We feel we have the cleanest link data commercially available, (unless you subscribe to an extra service that re-crawls links like ours on demand). So  we get surprised if anyone reports that our Fresh Index has large numbers of dead links that are unreported. It turns out this is usually due to a misinterpretation of the data, so to make it totally transparent, for every link, we now list the dates our crawler first found it, date we last saw it and… if the link disappears, we’ll also tell you the date the link was lost. The dates are relative to the index used (fresh or historic).

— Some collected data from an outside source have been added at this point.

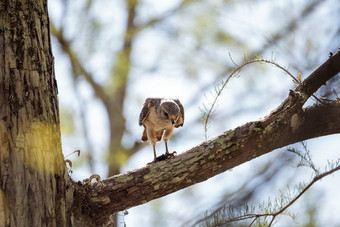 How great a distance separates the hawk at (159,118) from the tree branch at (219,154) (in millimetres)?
1363

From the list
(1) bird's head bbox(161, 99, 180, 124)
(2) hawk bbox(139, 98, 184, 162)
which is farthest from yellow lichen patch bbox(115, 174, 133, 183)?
(1) bird's head bbox(161, 99, 180, 124)

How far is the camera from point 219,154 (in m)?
2.85

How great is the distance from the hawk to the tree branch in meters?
1.36

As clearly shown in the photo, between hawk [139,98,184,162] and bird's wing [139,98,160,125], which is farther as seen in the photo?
bird's wing [139,98,160,125]

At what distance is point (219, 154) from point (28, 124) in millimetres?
1222

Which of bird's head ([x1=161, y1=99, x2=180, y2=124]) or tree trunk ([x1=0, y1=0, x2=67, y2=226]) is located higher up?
bird's head ([x1=161, y1=99, x2=180, y2=124])

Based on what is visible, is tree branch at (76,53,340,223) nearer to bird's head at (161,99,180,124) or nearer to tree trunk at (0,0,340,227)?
tree trunk at (0,0,340,227)

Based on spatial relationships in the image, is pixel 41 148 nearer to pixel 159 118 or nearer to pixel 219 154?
pixel 219 154

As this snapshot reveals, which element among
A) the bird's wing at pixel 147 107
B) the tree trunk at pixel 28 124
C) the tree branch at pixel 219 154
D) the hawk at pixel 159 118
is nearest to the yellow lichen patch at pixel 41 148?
the tree trunk at pixel 28 124

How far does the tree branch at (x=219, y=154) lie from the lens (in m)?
2.77

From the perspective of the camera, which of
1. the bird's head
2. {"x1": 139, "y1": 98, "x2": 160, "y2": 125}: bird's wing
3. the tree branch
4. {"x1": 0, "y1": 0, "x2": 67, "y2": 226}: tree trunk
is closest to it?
{"x1": 0, "y1": 0, "x2": 67, "y2": 226}: tree trunk

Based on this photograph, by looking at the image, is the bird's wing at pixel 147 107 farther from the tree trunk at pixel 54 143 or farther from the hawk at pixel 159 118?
the tree trunk at pixel 54 143

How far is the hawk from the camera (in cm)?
434

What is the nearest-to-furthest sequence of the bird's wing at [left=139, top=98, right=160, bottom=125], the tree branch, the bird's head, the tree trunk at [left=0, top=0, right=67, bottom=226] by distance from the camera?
the tree trunk at [left=0, top=0, right=67, bottom=226]
the tree branch
the bird's head
the bird's wing at [left=139, top=98, right=160, bottom=125] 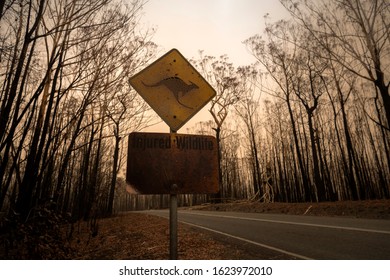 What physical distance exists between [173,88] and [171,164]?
27.8 inches

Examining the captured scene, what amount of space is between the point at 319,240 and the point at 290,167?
34.6 metres

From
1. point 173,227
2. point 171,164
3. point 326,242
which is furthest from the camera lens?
point 326,242

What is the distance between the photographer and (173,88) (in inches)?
88.3

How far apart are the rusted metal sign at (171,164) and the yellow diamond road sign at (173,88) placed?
7.5 inches

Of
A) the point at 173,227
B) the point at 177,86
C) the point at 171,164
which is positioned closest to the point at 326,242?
the point at 173,227

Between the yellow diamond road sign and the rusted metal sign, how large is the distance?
0.19 metres

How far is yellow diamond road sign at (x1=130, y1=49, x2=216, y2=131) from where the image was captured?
2162 millimetres

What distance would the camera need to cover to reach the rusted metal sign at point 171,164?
192 cm

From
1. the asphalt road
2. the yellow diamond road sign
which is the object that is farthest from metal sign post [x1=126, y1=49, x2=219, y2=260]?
the asphalt road

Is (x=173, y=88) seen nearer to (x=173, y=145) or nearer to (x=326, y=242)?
(x=173, y=145)

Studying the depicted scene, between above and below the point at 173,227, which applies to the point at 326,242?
below
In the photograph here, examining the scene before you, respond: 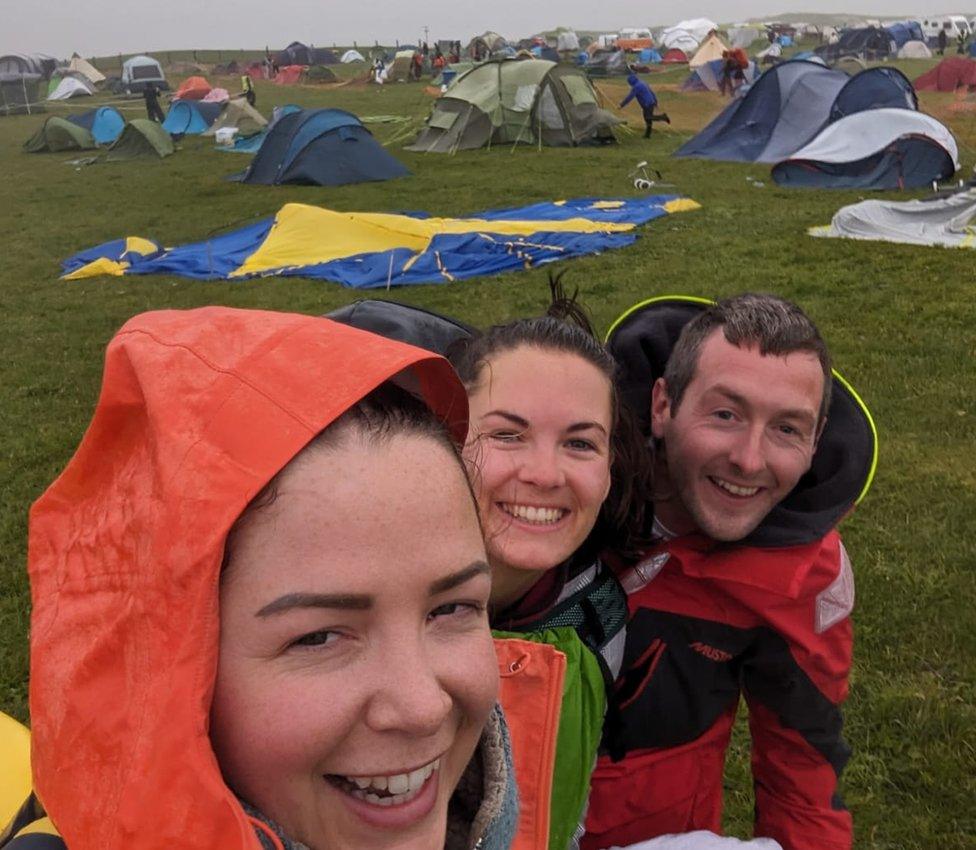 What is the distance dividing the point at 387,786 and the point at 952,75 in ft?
97.7

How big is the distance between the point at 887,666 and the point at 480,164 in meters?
14.4

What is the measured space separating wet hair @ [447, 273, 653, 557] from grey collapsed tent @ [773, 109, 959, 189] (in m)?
Answer: 12.1

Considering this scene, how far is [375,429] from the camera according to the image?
1.08 meters

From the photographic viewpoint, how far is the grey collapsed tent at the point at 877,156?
1239cm

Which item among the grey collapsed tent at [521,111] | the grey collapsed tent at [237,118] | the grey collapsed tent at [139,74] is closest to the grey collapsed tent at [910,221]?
the grey collapsed tent at [521,111]

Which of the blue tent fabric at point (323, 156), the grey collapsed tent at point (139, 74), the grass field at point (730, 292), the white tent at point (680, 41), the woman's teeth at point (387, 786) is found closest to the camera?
the woman's teeth at point (387, 786)

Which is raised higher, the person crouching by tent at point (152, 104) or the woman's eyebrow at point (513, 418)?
the person crouching by tent at point (152, 104)

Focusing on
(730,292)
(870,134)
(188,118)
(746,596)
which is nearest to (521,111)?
(870,134)

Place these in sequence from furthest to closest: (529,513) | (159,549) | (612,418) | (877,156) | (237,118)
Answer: (237,118), (877,156), (612,418), (529,513), (159,549)

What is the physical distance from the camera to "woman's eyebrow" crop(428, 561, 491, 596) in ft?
3.48

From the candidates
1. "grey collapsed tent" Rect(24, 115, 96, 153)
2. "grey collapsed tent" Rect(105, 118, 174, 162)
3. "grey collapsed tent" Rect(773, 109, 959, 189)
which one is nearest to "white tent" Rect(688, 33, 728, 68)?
"grey collapsed tent" Rect(105, 118, 174, 162)

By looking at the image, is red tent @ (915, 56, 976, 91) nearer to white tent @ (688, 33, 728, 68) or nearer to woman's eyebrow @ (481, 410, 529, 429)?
white tent @ (688, 33, 728, 68)

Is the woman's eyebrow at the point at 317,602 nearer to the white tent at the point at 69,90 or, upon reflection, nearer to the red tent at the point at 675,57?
the white tent at the point at 69,90

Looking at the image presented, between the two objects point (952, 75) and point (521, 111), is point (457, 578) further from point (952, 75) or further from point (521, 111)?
point (952, 75) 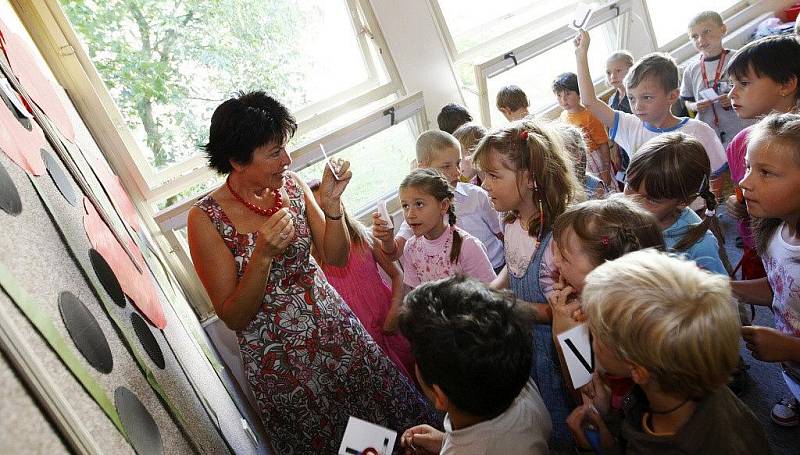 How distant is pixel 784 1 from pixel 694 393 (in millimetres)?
6220

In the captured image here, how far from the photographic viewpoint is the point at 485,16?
381 centimetres

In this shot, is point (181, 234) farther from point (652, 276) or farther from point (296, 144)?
point (652, 276)

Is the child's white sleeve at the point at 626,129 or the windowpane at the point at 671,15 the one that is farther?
the windowpane at the point at 671,15

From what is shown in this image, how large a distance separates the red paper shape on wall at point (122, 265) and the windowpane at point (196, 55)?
1730 millimetres

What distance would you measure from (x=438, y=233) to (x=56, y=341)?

This should pretty much make everything clear, transparent and as easy to filter as possible.

The recent date functions are available it both the Fresh Index and the Historic Index. So here’s how it works:

Historic Data. For more recent dates, try Fresh Index.

 

We know there is baggage in our historic data, which is why we built the Fresh Index in the first place. EVERY link in the fresh index has been seen within the previous 60 days and most are checked much more frequently than that. We think with this level of detail, we hope the UX is intuitive enough – but do let us know in support if we can make it any slicker.

Because we found ourselves needing to do a sanity check on our data – we  found ourselves having to verify that our Fresh Index reporting of one particular site was indeed accurate to within a reasonable tolerence. This means that over last weekend we found ourselves re-crawling 824355 backlinks to SearchEngineLand.com. As if we didn’t have better things to do.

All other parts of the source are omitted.